Loving the Tivos and having upgraded them to larger drives makes me want to keep them. Having to potentially PAY to get a newer DVR and having to have it delivered and installed by someone I do not trust is another point against upgrading. If they shipped me free DVRs and a new dish and let me hook it up myself, then I might be willing to move off the Tivos and onto the new non-Tivo DVR. But to pay them and have to put up with their quality installers means it is not going to happen, I don't think.

Dennis


----------



## shibby191

dwynne said:


> As long as they let me keep my HDTivos in service recording OTA I would probably be OK for a while.


Certainly isn't going to be a problem with that. There is nothing "wrong" with the HDTivo's, they just simply can't decode MPEG4 nor see the new satellites. They will continue to function just fine for OTA and SD recording for years to come. After all, you can still use the old Ultimate TV DVRs and they haven't been sold for over 5 years and in fact you could still use receivers from the 90s if you want. If the receiver does what you want it to do, it will still keep on working just fine if you keep it activated.

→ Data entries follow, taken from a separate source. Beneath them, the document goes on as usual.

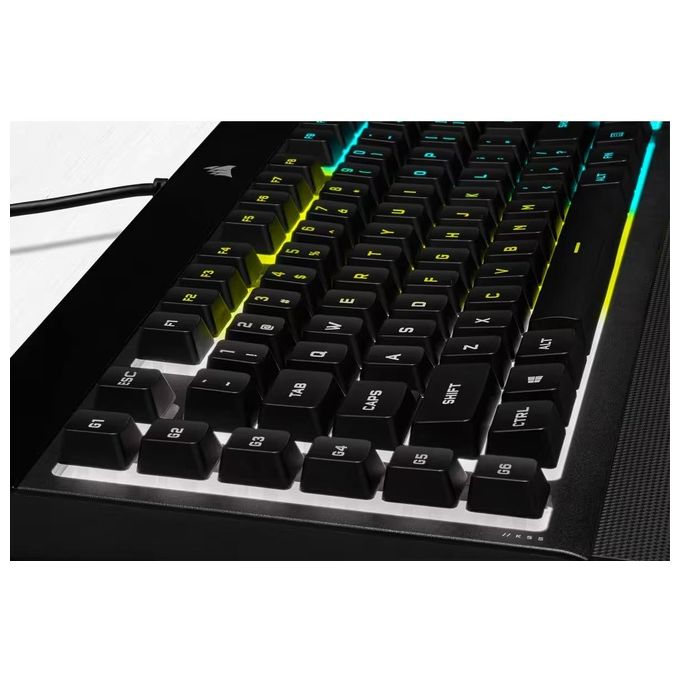 Corsair CH-9226765-IT K55 RGB PRO Tastiera Gaming a Membrana Cablata QWERTY Layout IT LED RGB 5 Zone 6 Macro Tasti IP42 colore Nero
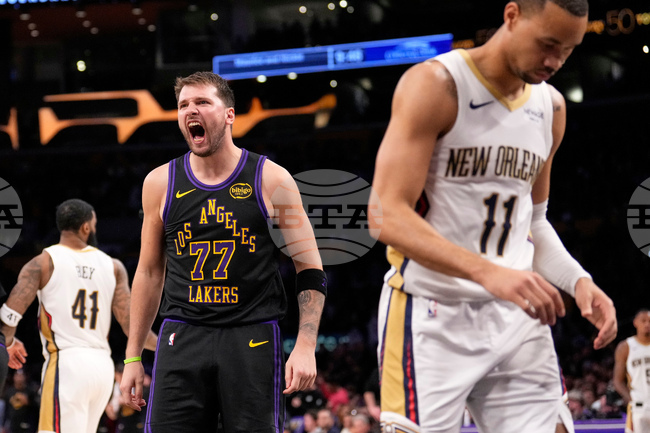 Лос Анджелис Лейкърс надделя над Ню Орлиънс за трети пореден успех в НБА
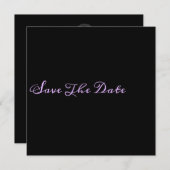 シックなミニマリストが日付を保存 セーブザデート (正面/裏面)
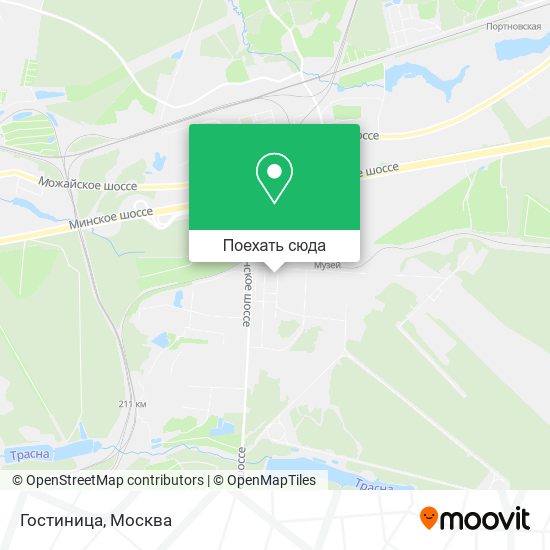 Карта Гостиница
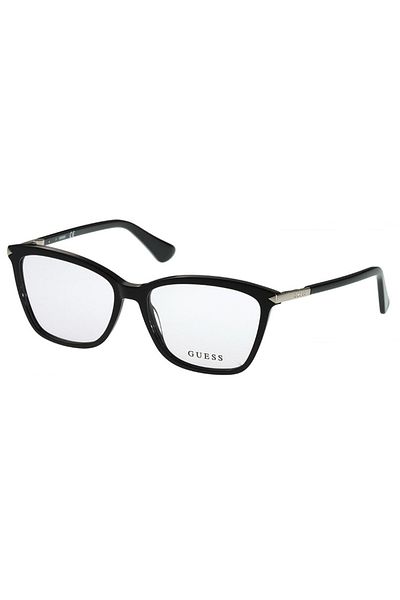 Guess Women's eyeglasses frames GU2880 001 54, Plastic, Black, 54 mm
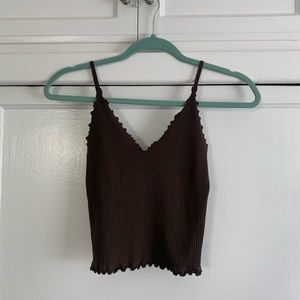 Ribbed and Ruffled Tank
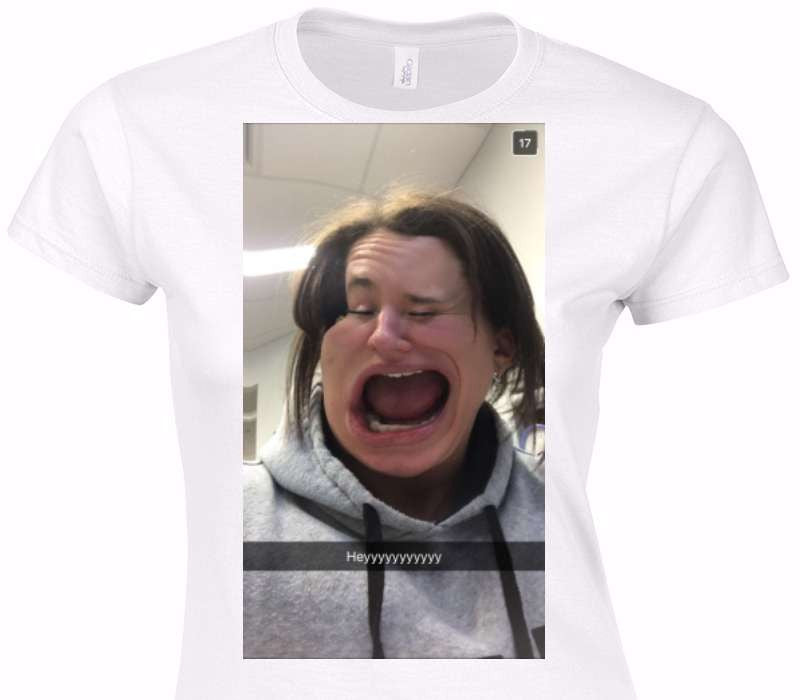 Custom Womens Soft Style 100% Cotton White T-Shirt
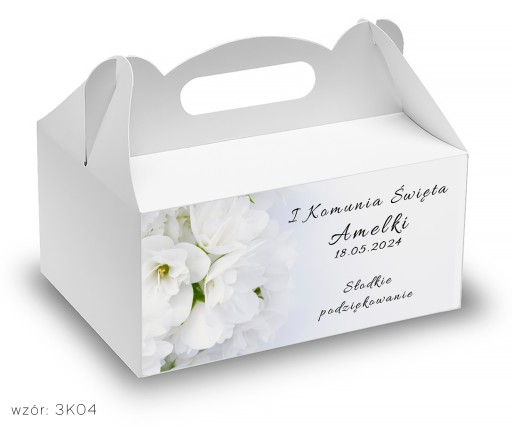 prijímacie koláčové boxy Sväté prijímanie + personalizácia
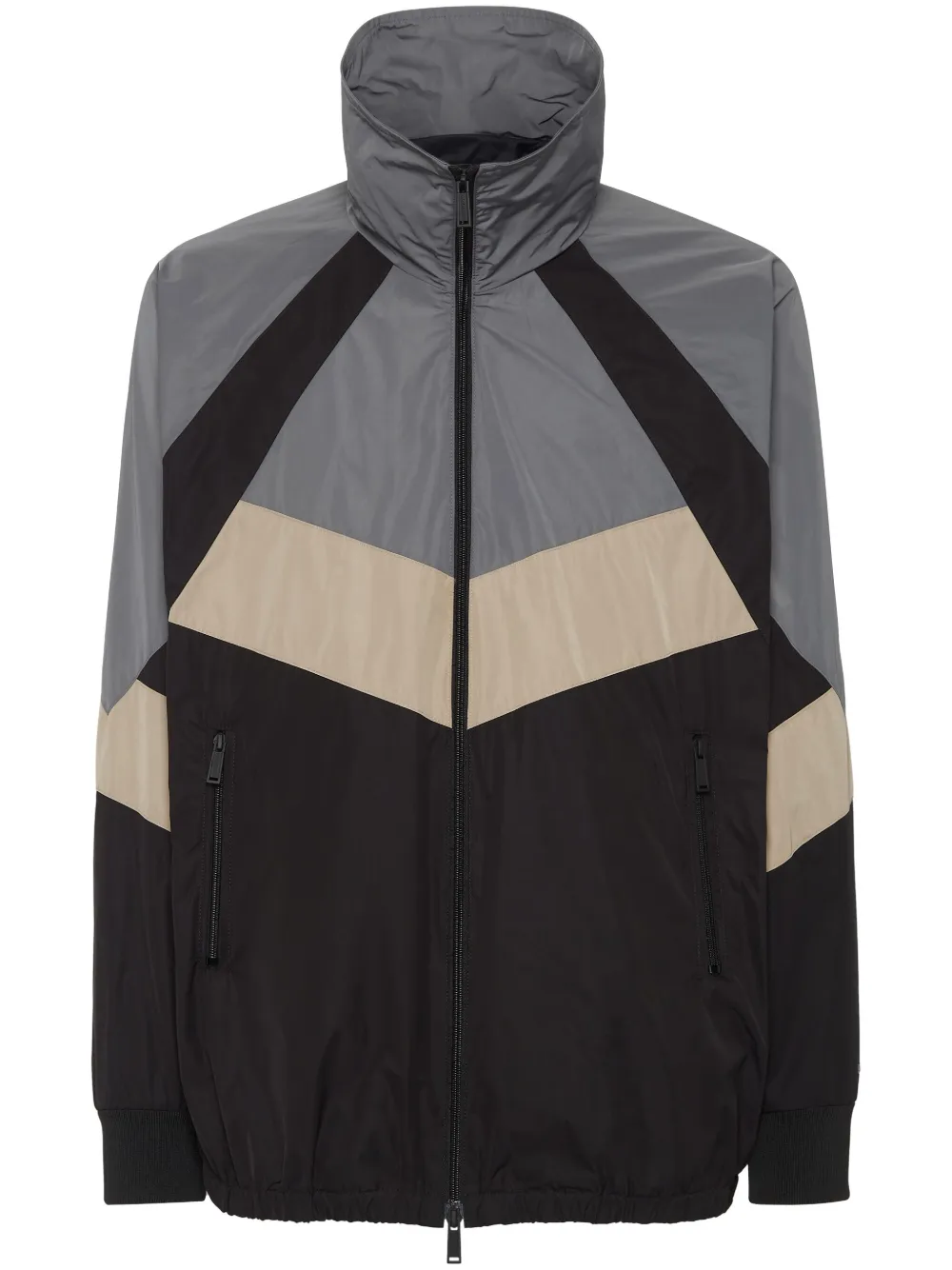 DSQUARED2 colour-block windbreaker | Grey | Image 1
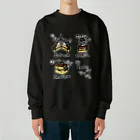 二子舎のたぬきケーキの食べ方 Heavyweight Crew Neck Sweatshirt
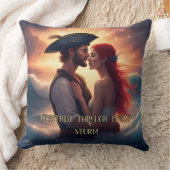Coussin Ensemble à travers chaque tempête Romantique Pirat (Couverture)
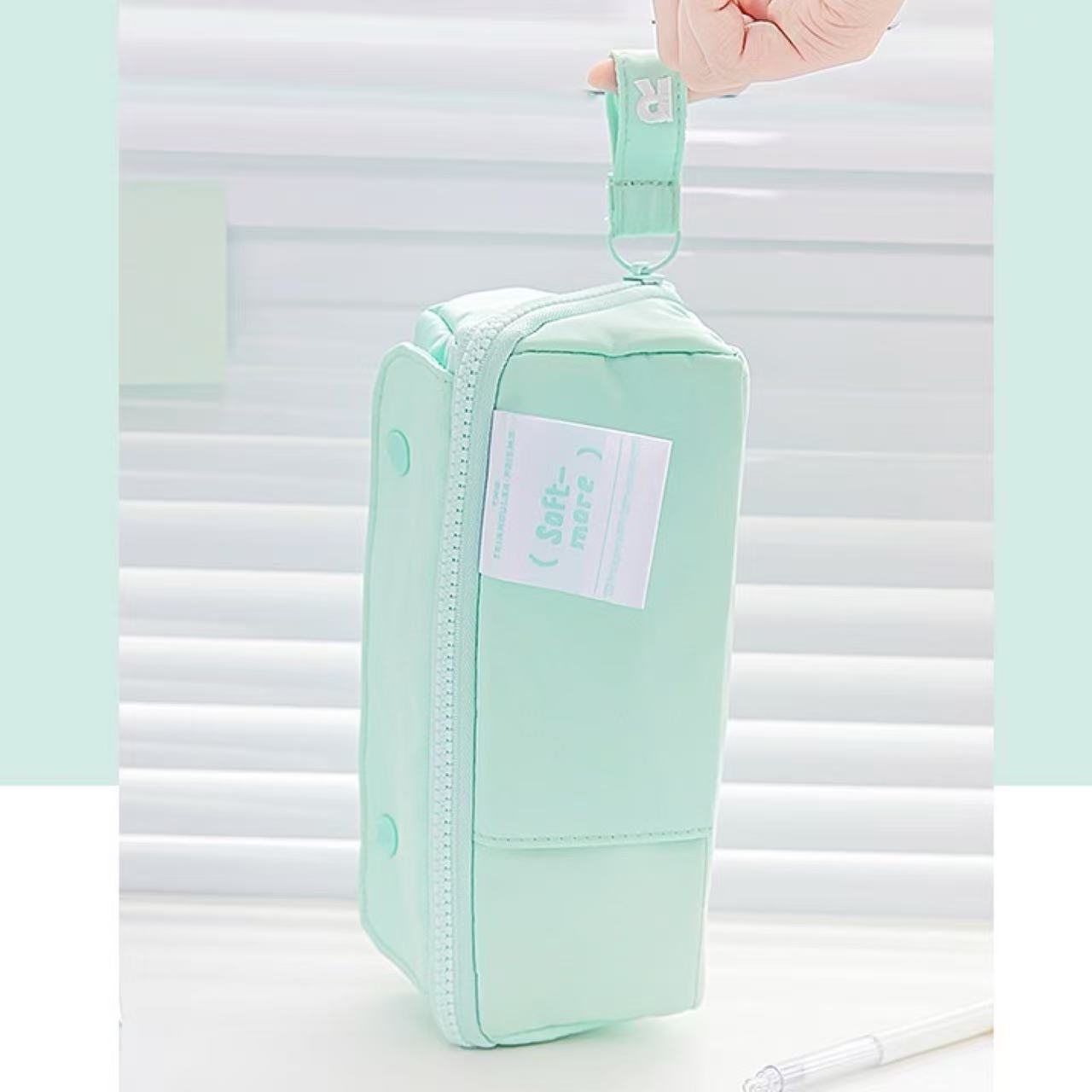 Rosyposy Prism Pencil Case 80*80*200mm - Mint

There are many people that keep their HR10's in service after they get an HR2x upgrade and use the HR2x for the new HD and the HR10 for everything else.


----------



## shibby191

dwynne said:


> Loving the Tivos and having upgraded them to larger drives makes me want to keep them. Having to potentially PAY to get a newer DVR and having to have it delivered and installed by someone I do not trust is another point against upgrading. If they shipped me free DVRs and a new dish and let me hook it up myself, then I might be willing to move off the Tivos and onto the new non-Tivo DVR. But to pay them and have to put up with their quality installers means it is not going to happen, I don't think.
> 
> Dennis


Well, if you have an HR10 right now you can easily get a free upgrade (which includes the new dish and multiswitch if you need one). As for the installers, I don't let any touch my stuff, but then they don't need to. When I had my upgrade 2 years ago I let the guy do the dish while I did any extra cabling and took care of the switch upgrade and hooked up the receiver. Then all he needed to do was make sure we got a good signal, make sure the receiver was working and just needed me to sign the paperwork and sent him on his way. He basically did nothing with my setup other then replace the dish.


----------



## TyroneShoes

shibby191 said:


> Last number I saw was around 100K and that was nearly a year ago. Probably less then 50K now if that. Remember, there were only 250K HR10-250 in use at their peak a few years ago. Contrast that to 4 million plus HR2x's in use (I know that number doesn't matter, but just some perspective). Other numbers: 18 million total subs, 9 million have HD and/or DVRs. The number of HR10-250s left is service is almost a rounding error.  But seriously, there just aren't that many left and never were all that many to begin with.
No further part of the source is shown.